DSP avec occupation domaniale : le concessionnaire a-t-il, par défaut, un droit à autoriser l’occupation du domaine et à en percevoir les redevances ?

Par un arrêt à publier aux tables du rec., le Conseil d’Etat vient de poser qu’en cas de délégation de la gestion d’un service public exploité au moyen d’un réseau public relevant du domaine public, il n’y a PAS de compétence du concessionnaire pour autoriser l’occupation de ce réseau par les exploitants de réseaux ouverts au public et pour fixer et percevoir les redevances SAUF stipulation contraire de la convention de délégation. 

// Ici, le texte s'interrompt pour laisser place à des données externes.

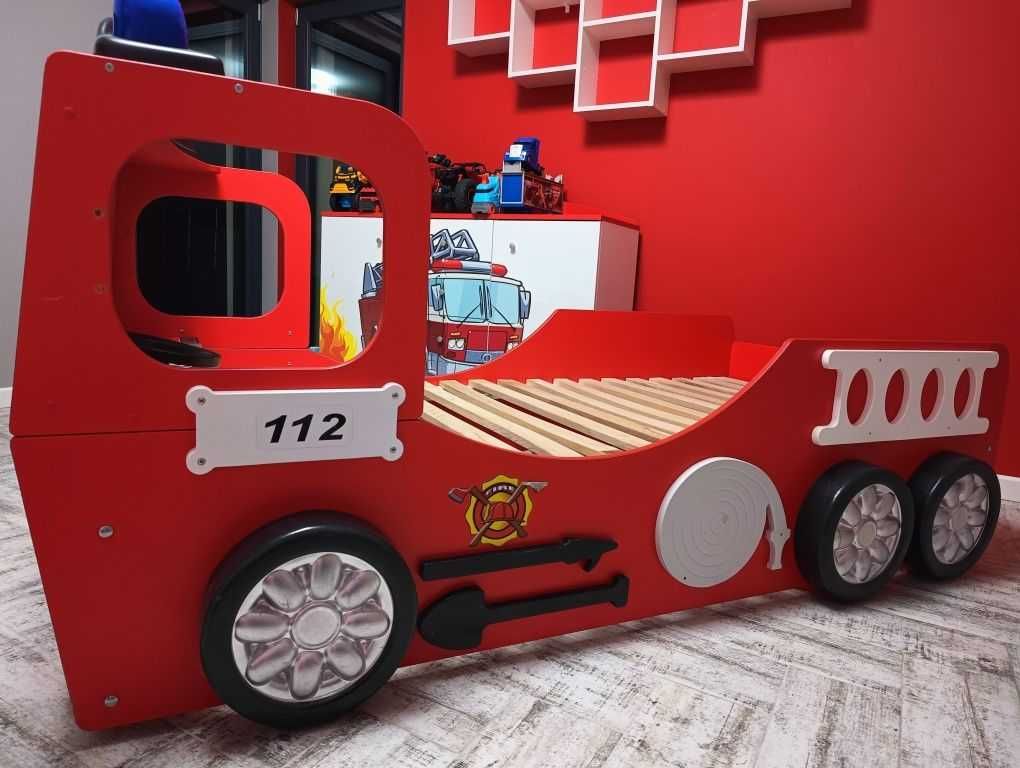 Drewniane łóżko chłopięce Wóz strażacki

En l’espèce, il ne résultait ni des articles L. 45-9 et L. 47-1 du code des postes et communications électroniques, ni d’aucun texte, que la délégation à un tiers de la gestion du service public exploité au moyen d’un réseau public relevant du domaine public routier ou non entraînait nécessairement, dans le silence de la convention, le transfert au concessionnaire de la compétence pour autoriser l’occupation de ce réseau par les exploitants de réseaux ouverts au public, ainsi que celle pour fixer et percevoir les redevances correspondantes.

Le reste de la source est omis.